Samsung's Galaxy Note 7 which caught fire last year and forced a recall is being re-launched as the Galaxy Note Fan Edition (FE) using parts from unused handsets, the South Korean giant said on Sunday.
The Galaxy Note FE will be released on July 7 with a limited number of 400,000 devices in South Korea and will cost 699,600 won ($609), which is around a third cheaper than the original Note 7. Samsung said that overseas sales of the smartphone will be decided at a later date.
Samsung is upgrading Google's Android software that runs on the device to make it the same as the interface on the Galaxy S8 and S8+, the firm's current flagship device. The Galaxy Note FE will also be getting Bixby – Samsung's smart assistant that rivals the likes of Apple's Siri.
Other key features include fingerprint and eye scanner as well as waterproofing.
The battery, which was the main reasons the original Note 7 exploded, has been "further enhanced with multiple safety designs", Samsung said in a press release in Korean, translated via Google Translate.
Samsung launched the original Note 7 last year, but after a number of reports that the device was overheating and catching fire, the tech giant was forced to carry out a recall.
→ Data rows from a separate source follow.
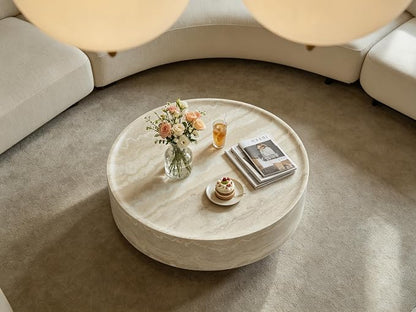 31.5" Faux Marble Round Coffee Tables, Modern Stone Coffee Tables, Fiberglass Drum Center Table, Accent Low Circle Coffee Table, Minimalist Sofa Side End Table for Living Room Apartment Office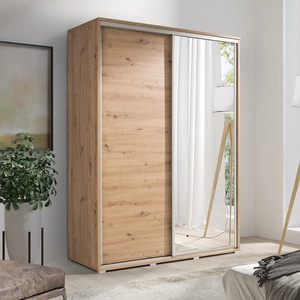 Verspiegelter Schiebeschrank Penelope 205 cm Eiche handwerklich moderner Kleiderschrank ideal für eine Schlafzimmergarderobe oder Flur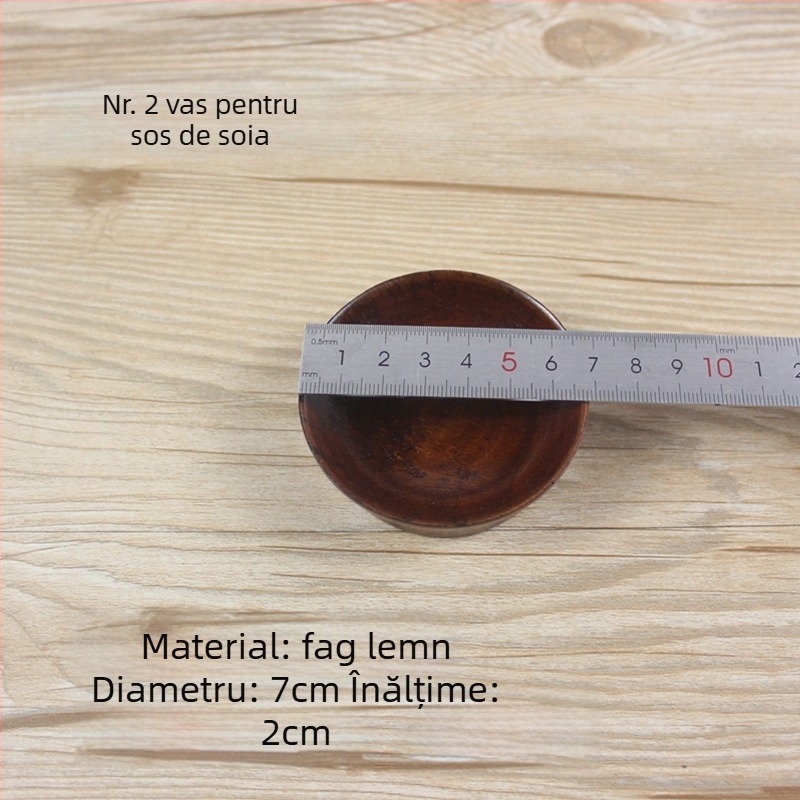 Farfurie rotundă din lemn pentru sos, suprafață vopsită cu spray, model solid, stil modern minimalist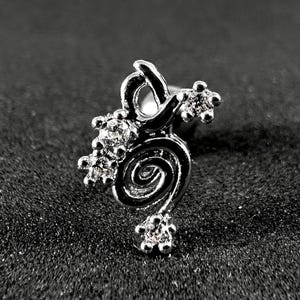 Spiral Floral Micro CZ Tragus, Helix & Cartilage Stud | 316L Surgical Steel | 16G (1.2mm) | Elegant Piercing Jewellery | Gift For Her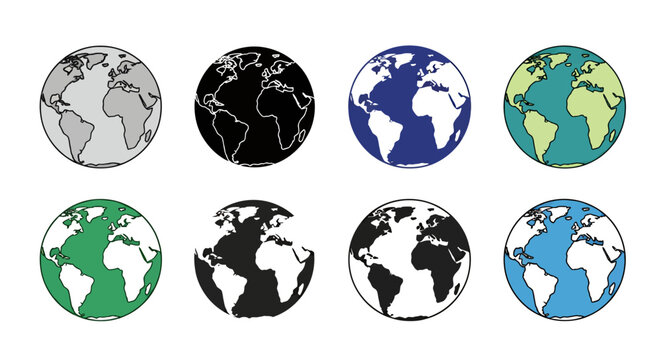 Collection of round globe icons in varied colors showing Earth maps and continents for graphic resources.
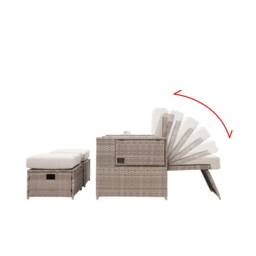 Furniture Maxi Galle 5-Piece Rattan Sofa Set Garden Chair Storage Daybed Set in Beige - thumbnail 4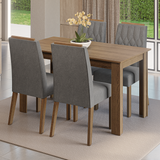 Conjunto de Comedor Encimera de Madera 4 Sillas Marrón/Silver Hera Madesa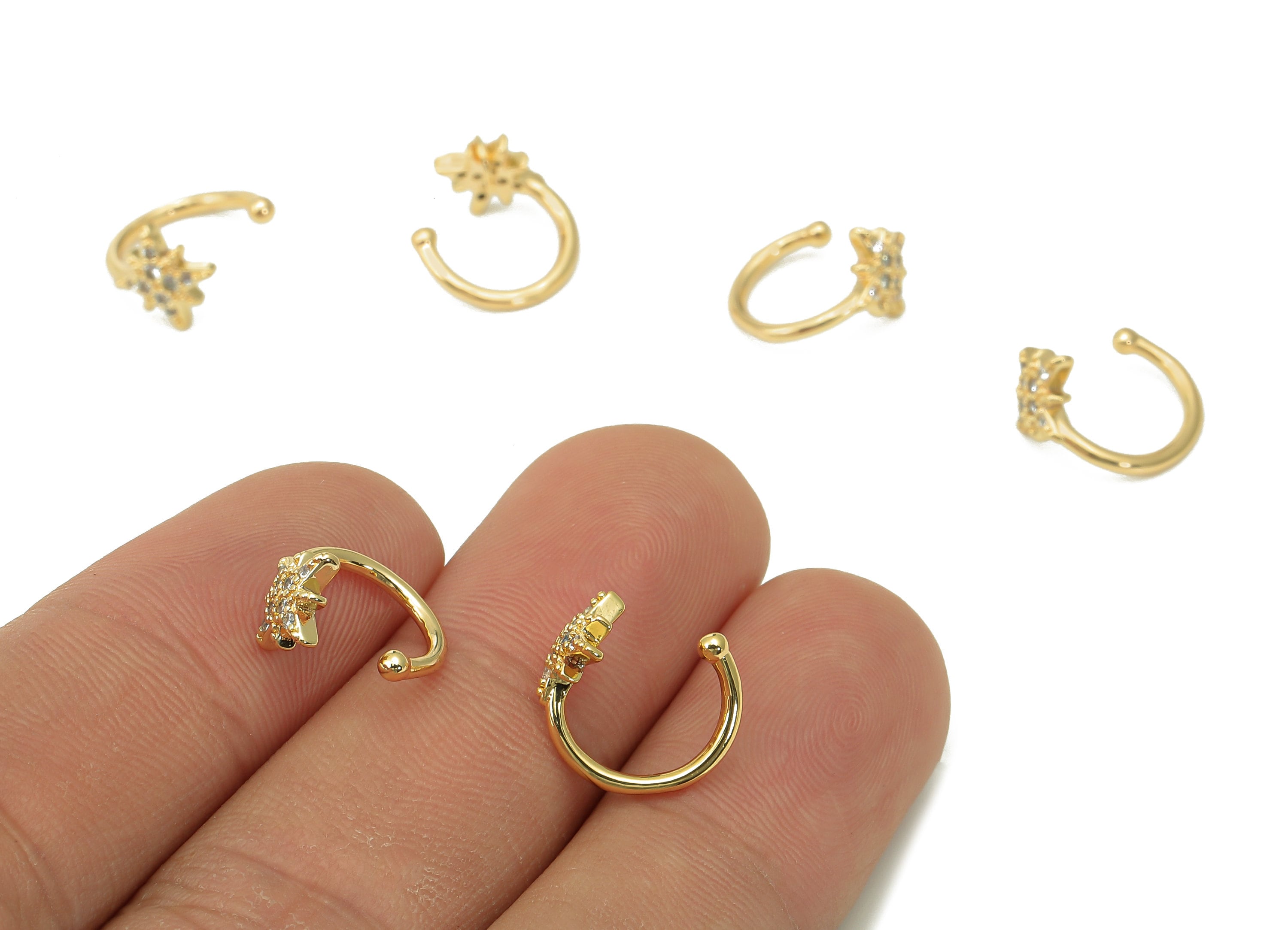 Brass Star Open Round C Ring - Cartilage Earring With Zircon - Planet Huggie Hoop Ear Clip - 18K Real Gold Plating - 11.7x11x1.2mm - RGP5476 - DOMEDBAZAAR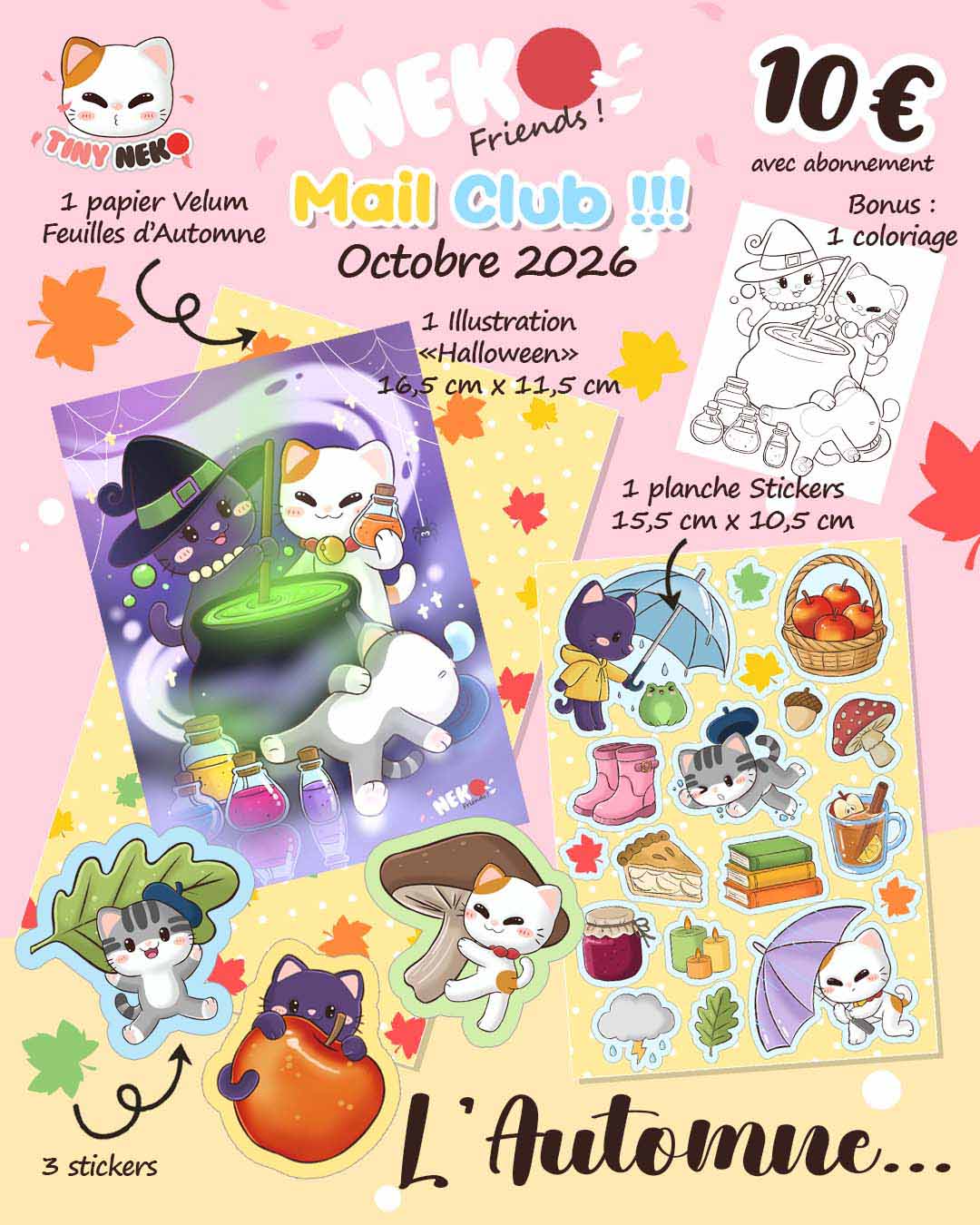 Mail Club Octobre "Neko friends " Thème - L'automne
It was the most embarrassing moment for the company which apologized on numerous occasions to its customers, and then launched an investigation into the cause.
The debacle led to authorities around the world banning the device from being taken on planes and cost the company billions of dollars in profit.
Before the issues with the Note 7 came to light, however, it had received positive reviews. After the recall was announced, many consumers resisted giving their phone back, even as Samsung issued a number of warnings about the dangers of keeping the device.
Samsung will be hoping the Note FE will appeal to the fans of the Note 7 which offers a large screen and stylus to differentiate it from many devices on the market.
"Samsung has very carefully positioned it to the most devoted, most well-informed consumers and therefore they will be able to understand that Samsung have reworked the existing product and delivered it," Ben Wood, chief of research at CCS Insight, told CNBC by phone on Monday.
"You could also argue if Samsung is keen to continue using the Note brand for more business centric and productivity devices, reintroducing the Note 7 successfully would help them re-establish the brand ahead of any potential Note 8 launch."
A number of leaks and reports have suggested that Samsung is gearing up to release a Note 8 device, which would be the successor of the discontinued Note 7.